The module is no longer in production.
The A-111-1 was the high-end model among Doepfer’s oscillators and is only available on the used market. The successor model with some detailed improvements is the A-111-2. Compared to the A-110-1 or A-110-2, the A-111-1 offers expanded synchronization options, an additional input for linear frequency modulation, and a more extensive frequency range (12 octaves, compared to 10 octaves on the A-110-1).
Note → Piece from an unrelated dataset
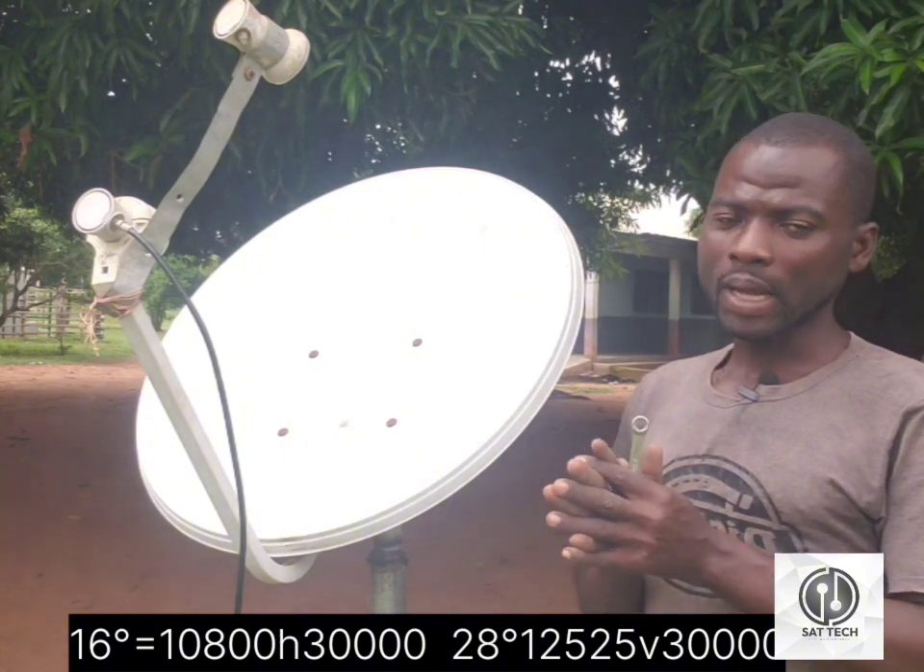I'm going to track 16 degrees, 28 degrees, and 36 degrees. Pay close attention so you don't have to come back and ask questions. We are first going to track 16 degrees, and as I said in some other videos, the simplest way to get your 16 degrees is to get your 28 degrees first.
In addition, the A-111-1 has a slightly different basic sound than the A-110-1 or A-110-2; the waveforms (especially sine, triangle) are generally produced more precisely here. Incidentally, the sawtooth is (contrary to the labeling on the panel) a rising sawtooth and not a falling one like on the A-110-1. This doesn’t change the sound per se, but it is interesting with a synchronized mix with an A-110-1 sawtooth, which then sounds a little different than with two A-110-1s. Otherwise, the sine signal here is not a “mathematically exact sine”, but is obtained from the triangle core via a simple diode circuit. The successor A-111-2 has a revised circuit that produces a much more precise sine signal from the triangle.
So what does this “oscillation theory” look like on the oscilloscope?
The A-111-1 is definitely a little “cleaner” than the A-110-1, but a little less “precise” than you might have expected. Does it sound better than the A-110-1? “More noble”? More expensive? A Bösendorfer grand piano sounds different than a Steinway, but which one is better? As always, this is clearly a matter of taste and the area of application. The sonic differences between oscillators are usually significantly smaller than those between different filters.
The CEM3340 integrated circuit (from Curtis), on which the A-111-1 is based, was used in some fairly well-known synthesizers: Crumar Spirit, Moog Memorymoog, Oberheim OBXa, OBSX, OB8, Roland Jupiter-6, Roland SH-101, Roland MC-202, Roland MKS-80 (rev 4), Sequential Pro-One, Sequential Prophet-5 rev 3, Sequential Prophet-10, Sequential Prophet-600, Sequential T8, Synton Syrinx.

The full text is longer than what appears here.